Donker hoekje

Ooit vertelde een hulpverlener me over een man die hij jarenlang in therapie had. Tijdens de laatste sessie vroeg hij zijn cliënt wat hem van alle behandelingen het meest zou bijblijven. ‘De manier waarop u de deur voor mij openmaakte.’ De vindplaats van tederheid en nabijheid bleek zich niet in de spreekkamer, maar bij de voordeur te bevinden. Vandaag stap ik dapper het Muzieum in Nijmegen binnen.
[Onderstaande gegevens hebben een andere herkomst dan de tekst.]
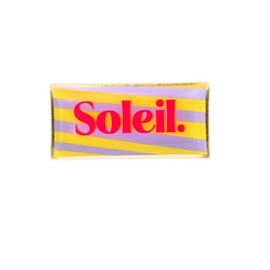 Gift Company - Plate, Glass Plate - Love Plates - Glass - Motif: Soleil - Colour: Multicoloured - 10 x 0.8 x 21 cm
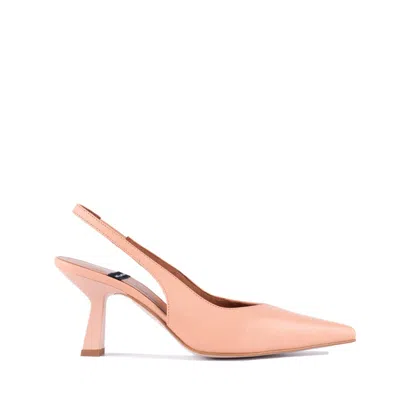 Angel Alarcon Violet Pumps With Heel And Back Strap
Ja, daar is moed voor nodig, want het is hier aardedonker. Men ziet hier letterlijk geen hand voor ogen. Gids John is blind. Hij laat je aan den lijve een dag uit zijn leven ervaren. Met een stok en op de tast strompel ik door ‘zijn’ huis, ga ik aan het lawaai te horen een verkeersplein over en moeten er boodschappen worden gedaan. John’s stem klinkt steeds ergens in de verte, me zacht bij m’n naam noemend. Het voelt zo veilig dat ik m’n ingebeelde claustrofobie laat varen. De bedoeling van dit Muzieum is dat we begrip krijgen voor onze blinde medemens, maar ik leer mezelf ook beter kennen. Want wat voel ik me gezien door de blinde John. In die totale duisternis neemt hij mijn ontreddering waar en gidst hij me naar veiligheid. Mijn ogen gaan open. Gezien worden door een blinde, bemind worden bij de voordeur. Tederheid en nabijheid zitten in een klein, soms donker hoekje.